Remix OS 2.0, the Android-based operating system that has been designed with a PC in mind, launched for the Nexus 9 and Nexus 10.
Android hasn’t been as successful as Google may have liked on tablets, and it’s been even less successful on the notebook and PC form factors. Part of the problem was that Android hasn’t changed its user interface all that much from the smartphone UI, which has made it appear lackluster on bigger screens.
At least for tablets, Google has tried to optimize the UI a little more, but because the company has been slow in doing so, Android tablet sales haven’t been growing significantly. This in turn has led to developers not caring all that much about optimizing their apps for tablets. The problem is worse for PCs, where Google hasn’t optimized the UI at all for that form factor.
One of the things that has been lacking on both tablets and PCs is native multi-window support, for starters, but also a familiar taskbar that can be useful on bigger screens. Remix OS brings both of those features, and it presents the apps and files that are present on your system as a traditional desktop operating system would.
Earlier this year, Jide Technology, the company behind Remix OS, announced that Remix OS and the Android-x86 project have combined forces to bring Remix OS to older x86 PCs. This merger allows more people to experience the Android-based OS on lower-end hardware.
For now, Remix OS 2.0 is still based on Android 5.1.1, which is to be expected. Developing highly customized operating systems such as Remix OS usually means that the company doing it will remain a little behind the main project.

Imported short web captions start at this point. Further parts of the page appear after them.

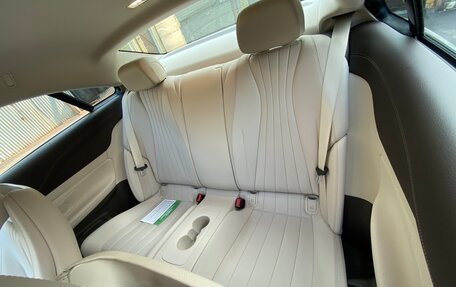Mercedes-Benz E-Класс, 2019 год, 3 600 000 рублей, 24 фотография
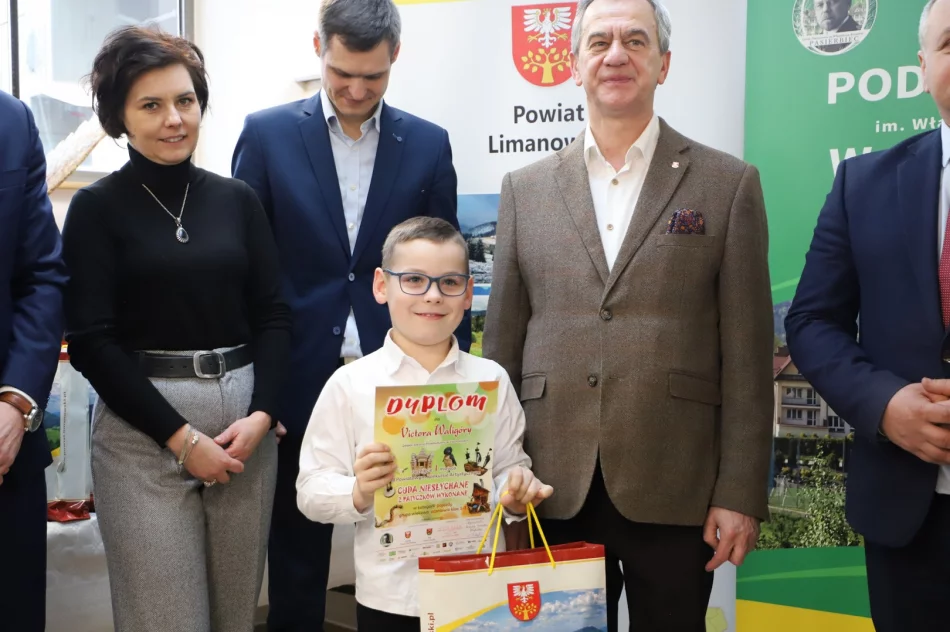 Podsumowanie III edycji Powiatowego Konkursu Artystycznego CUDA NIESŁYCHANE Z PATYCZKÓW WYKONANE - zdjęcie 16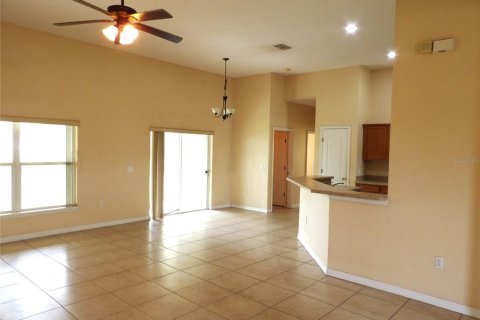 Casa en alquiler en Kissimmee, Florida, 3 dormitorios, 190.08 m2 № 1838840 - foto 12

With Android N around the corner, it’s probably not even worth switching to Android M right now. It would be better for Jide to get Remix OS 2.0 out of beta and release a stable build that works on a wide variety of hardware. Then, once Android N is officially out, upgrade Remix OS to it.
Android N is also supposed to come out with multi-window support. Remix OS may be able to take advantage of that feature to better integrate with the AOSP. This could make it easier for apps that are developed for stock Android to work with Remix OS’ own multi-window system and could eliminate potential bugs.